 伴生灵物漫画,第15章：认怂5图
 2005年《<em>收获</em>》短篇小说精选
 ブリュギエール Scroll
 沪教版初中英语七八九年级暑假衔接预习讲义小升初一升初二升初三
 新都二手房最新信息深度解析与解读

Work item
Beginning with the opening line and ending with the final one, transcribe the material exactly.

Task answer
 伴生灵物漫画,第15章：认怂5图
 2005年《<em>收获</em>》短篇小说精选
 ブリュギエール Scroll
 沪教版初中英语七八九年级暑假衔接预习讲义小升初一升初二升初三
 新都二手房最新信息深度解析与解读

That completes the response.